The eccentric, manic, often moving collaborative explorations of London's hidden streets, cemeteries, parks and canals by photographer Marc Atkins and writer Iain Sinclair were first recorded in Sinclair's highly acclaimed 1997 book Lights Out for the Territory , praised in the Guardian as "one of the most remarkable books ever written on London". Liquid City documents Atkins and Sinclair's further peregrinations, focusing on the city's eastern and south-eastern quadrants. An array of famous and lesser-known writers, booksellers and film-makers slip in and out of Sinclair's annotations, as do memories and remnants of the East End's criminal mobs. The title Liquid City is meant to evoke the Thames, which flows silently through the photographic and textual narrative, and to suggest the changes London has undergone and, like all cities, is constantly undergoing.
Iain Sinclair is a British writer and film maker. Much of his work is rooted in London, most recently within the influences of psychogeography.
Sinclair's education includes studies at Trinity College, Dublin, where he edited Icarus, the Courtauld Institute of Art (University of London), and the London School of Film Technique (now the London Film School).
His early work was mostly poetry, much of it published by his own small press, Albion Village Press. He was (and remains) closely connected with the British avantgarde poetry scene of the 1960s and 1970s – authors such as J.H. Prynne, Douglas Oliver, Peter Ackroyd and Brian Catling are often quoted in his work and even turn up in fictionalized form as characters; later on, taking over from John Muckle, Sinclair edited the Paladin Poetry Series and, in 1996, the Picador anthology Conductors of Chaos.
His early books Lud Heat (1975) and Suicide Bridge (1979) were a mixture of essay, fiction and poetry; they were followed by White Chappell, Scarlet Tracings (1987), a novel juxtaposing the tale of a disreputable band of bookdealers on the hunt for a priceless copy of Arthur Conan Doyle's A Study in Scarlet and the Jack the Ripper murders (here attributed to the physician William Gull).
Sinclair was for some time perhaps best known for the novel Downriver (1991), which won the James Tait Black Memorial Prize and the 1992 Encore Award.
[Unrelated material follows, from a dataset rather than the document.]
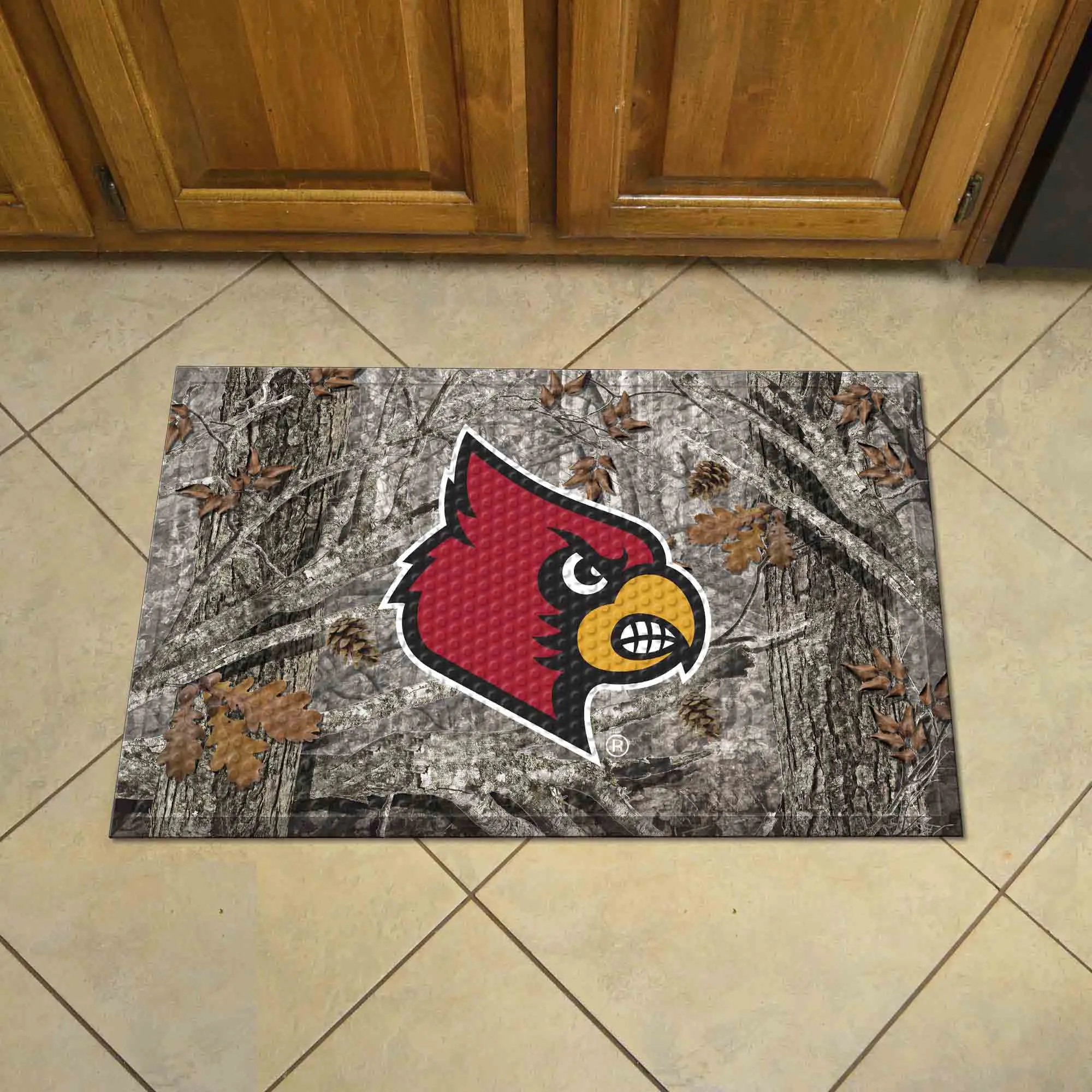 Louisville Cardinals Rubber Scraper Door Mat Camo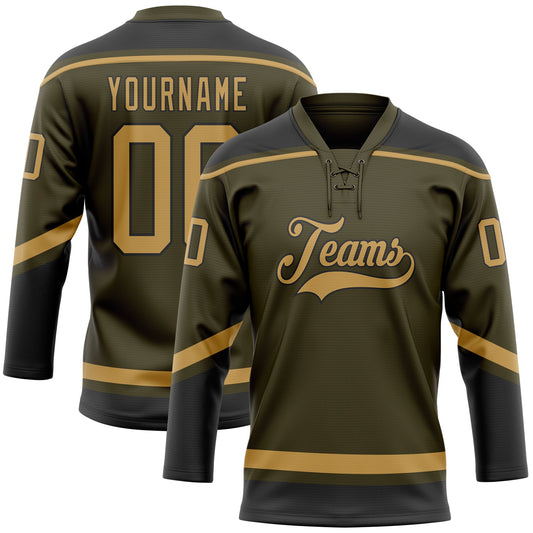 Custom Olive Old Gold-Black Salute To Service Hockey Lace Neck Jersey - Sky-Custom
It envisages the UK under the rule of the Widow, a grotesque version of Margaret Thatcher as viewed by her harshest critics, who supposedly establishes a one party state in a fifth term. The volume of essays Lights Out for the Territory gained Sinclair a wider readership by treating the material of his novels in non-fiction form. His essay 'Sorry Meniscus' (1999) ridicules the Millennium Dome. In 1997, he collaborated with Chris Petit, sculptor Steve Dilworth, and others to make The Falconer, a 56 minute semi-fictional 'documentary' film set in London and the Outer Hebrides about the British underground filmmaker Peter Whitehead. It also features Stewart Home, Kathy Acker and Howard Marks.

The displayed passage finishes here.